The Secret Life of Bees has been on my reading list for a good long while. A. Good. Long. While. The book was published over a decade ago, and was made into a movie (which I still haven’t seen) in 2008. I think its safe to say that I am late to the party on this book.

And so I will evaluate this book strictly on literary sticking power after the hype has faded. Sound fair?

From what I can tell, the main reason that Secret Life of Bees got as much exposure as it did was because it deals with two things that people are hesitant to discuss. The first: racial injustice, tension, and violence in the Civil Rights Movement years; secondly: mommy issues. The first theme pretty much speaks for itself, and by itself, the book may have not made best-seller status. But, in the shuffle, daddy issues have gotten all the press in previous works, and few have addressed the strain that the “mother” relationship, and concepts of what that is supposed to mean, has on both parties.

The Secret Life of Bees makes a tepid reach for sorting out the complex way we feel about mothers in the character of Lily Owens, who literally (accidentally) kills her mother when her mom is trying  to leave her father.
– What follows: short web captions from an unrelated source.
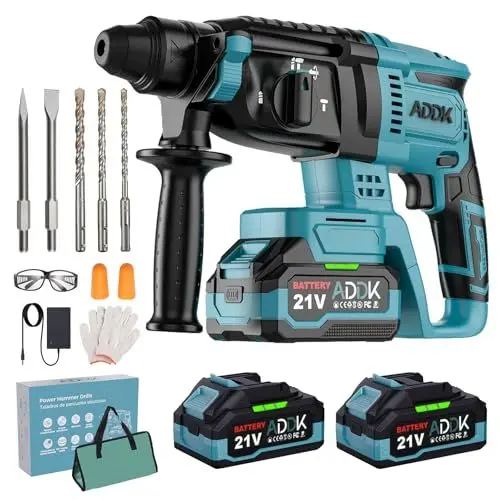Produktbild: BursDany Schlagbohrschrauber, verstellbar, weicher Bohrhammer, 600 W, 4 Funktionen & schneller, Schnellwechselfutter Sds-Plus 4,0 Ah Akkus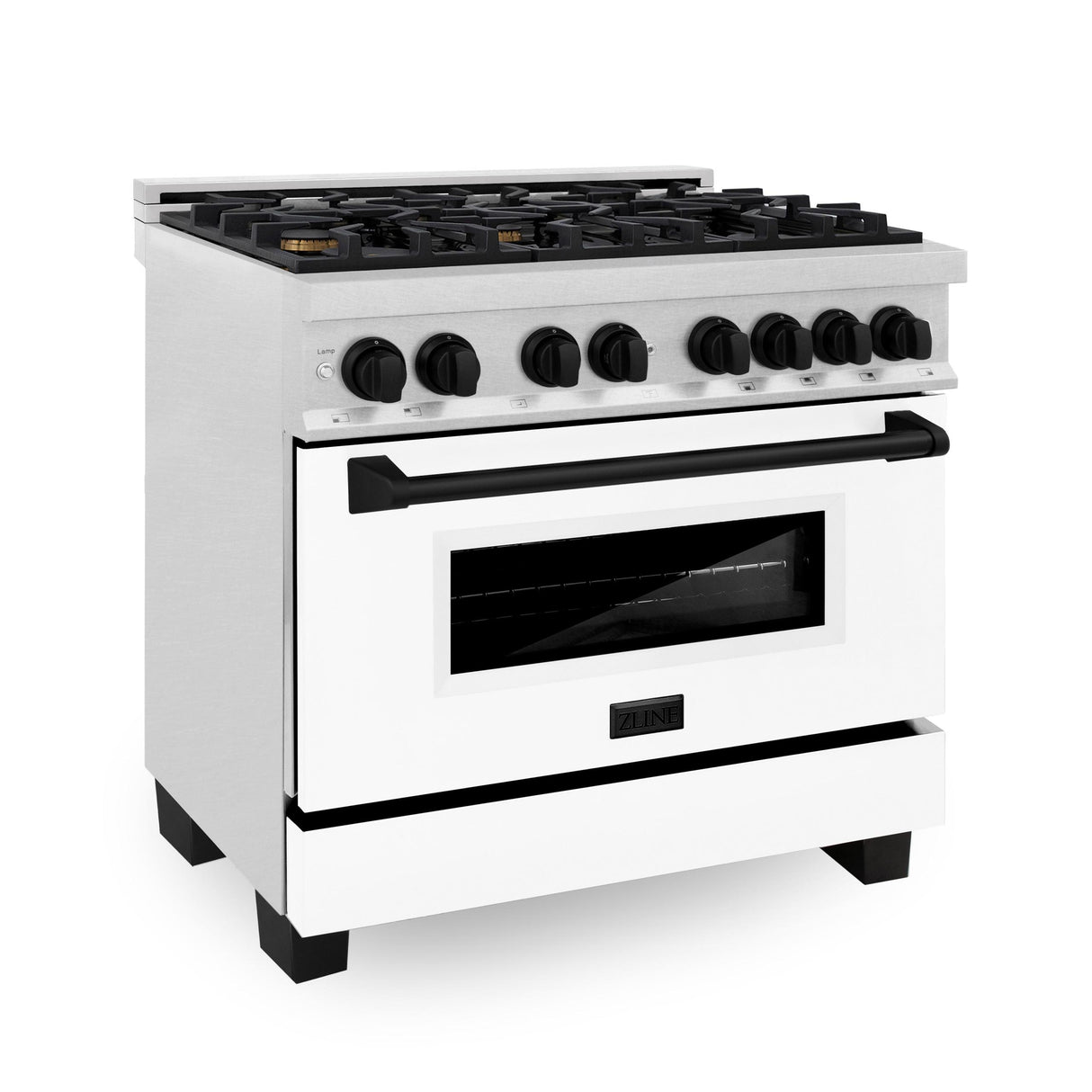 ZLINE Autograph Edition 36" 4.6 cu. ft. Dual Fuel Range with Gas Stove and Electric Oven in DuraSnow Stainless Steel with White Matte Door and Accents (RASZ-WM-36) [Color: Matte Black] - (RASZWM36MB)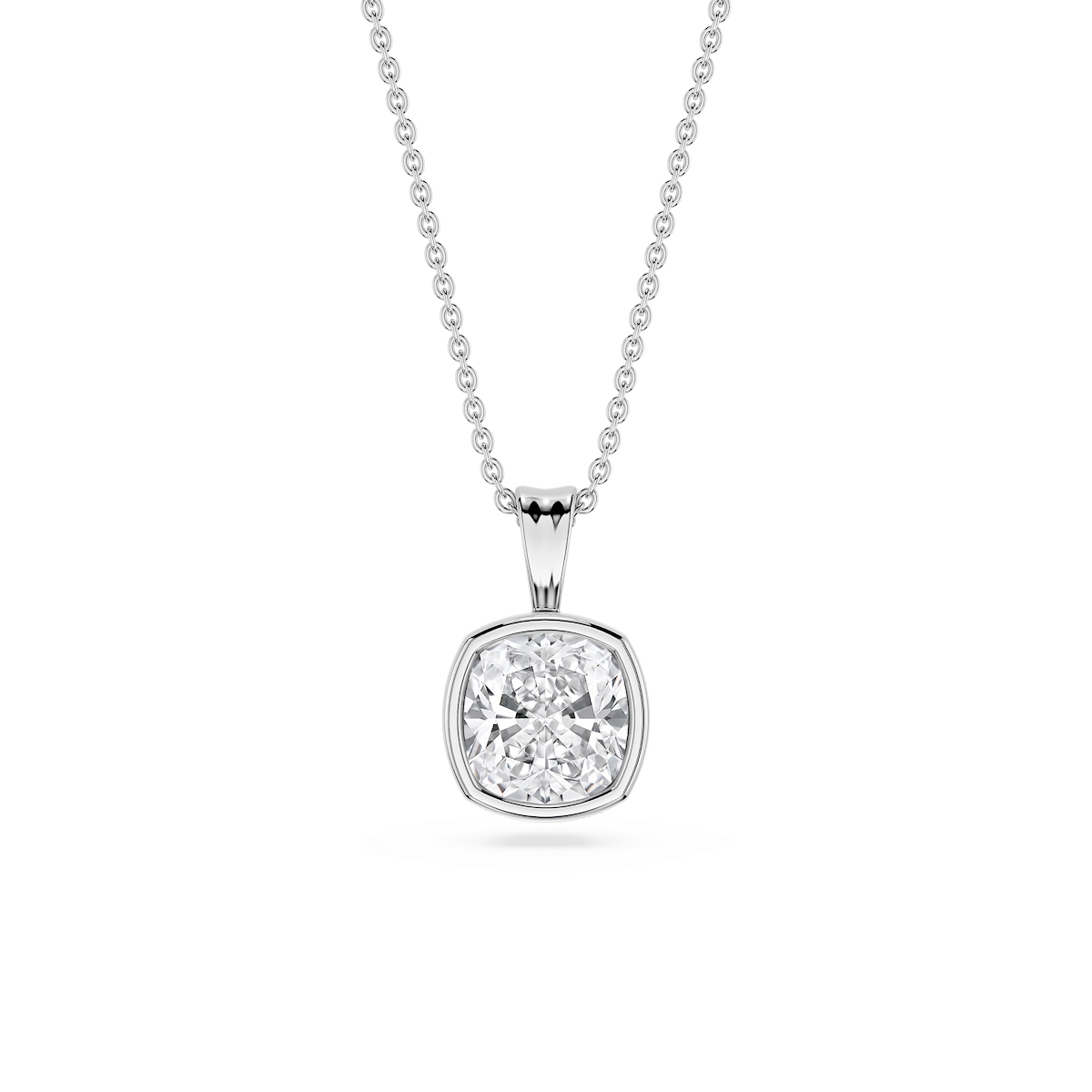 Cushion Lab Grown Diamond Bezel Set Bail Solitaire Pendant - 16 to 18 Inches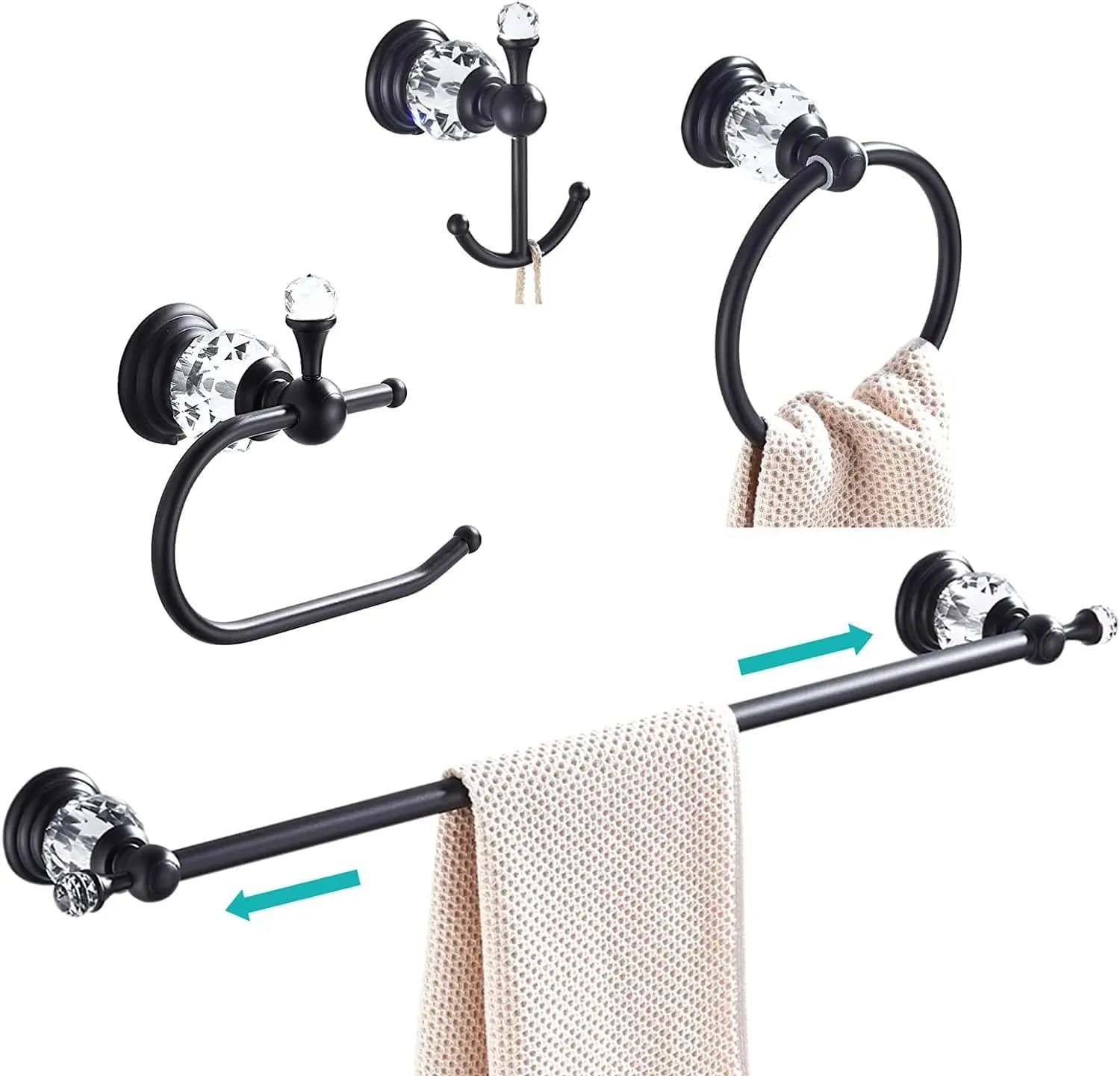 Set di accessori da bagno neri da 24 pollici con portasciugamani, portarotolo, anello portasciugamani e ganci appendiabiti - Set da 4 pezzi a parete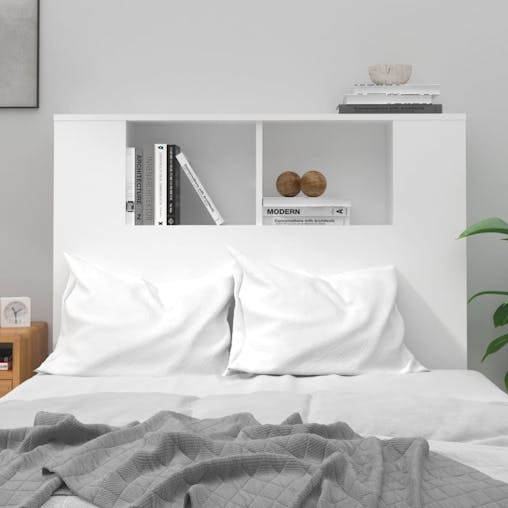 NNEVL Headboard Cabinet High Gloss White 100x18.5x104.5 cm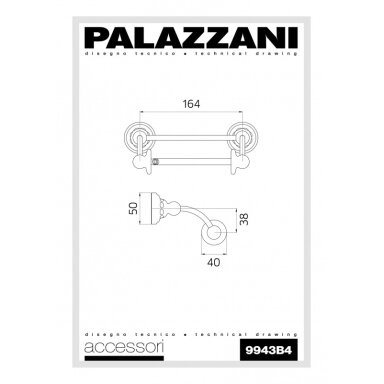 Rankšluosčių laikiklis Retro, Palazzani Rankšluosčių laikiklis Retro, Palazzani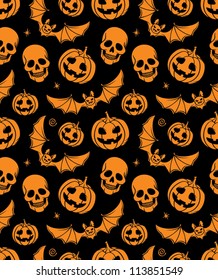 Vector seamless with pumpkin and skull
Lily and Rosaleen, her surrogate mother and housekeeper, are forced to flee their hometown after Rosaleen registers to vote and provokes some white yokels and Lily feels the need to uncover her mother’s past from a photo of a black Madonna that she left behind. They make their way to Tillburn, South Carolina (written on the back of the Madonna portrait) and take up residence with three black sisters named for summer months on their honey bee farm.

The book isn’t bad, but it struggles a lot with developing a sense of place. It feels like, except for a few minor details, the story could be set anywhere. The racial interractions are a backdrop and almost prop-like. I can see how the movie would develop these themes more visually and work better in that medium. This may be one of those few books that were written with movie representation in mind to bring the full story to light.

For high school students, this book is simply written enough and clear cut so that a unit study of Civil Rights with this reading alongside may enhance the conversation. If you’ve missed the boat on it this long like I have though, you might as well just go in for the movie rental because with Queen Latifah, Alicia Keys, and Dakota Fanning in the cast, that’s a pretty safe bet.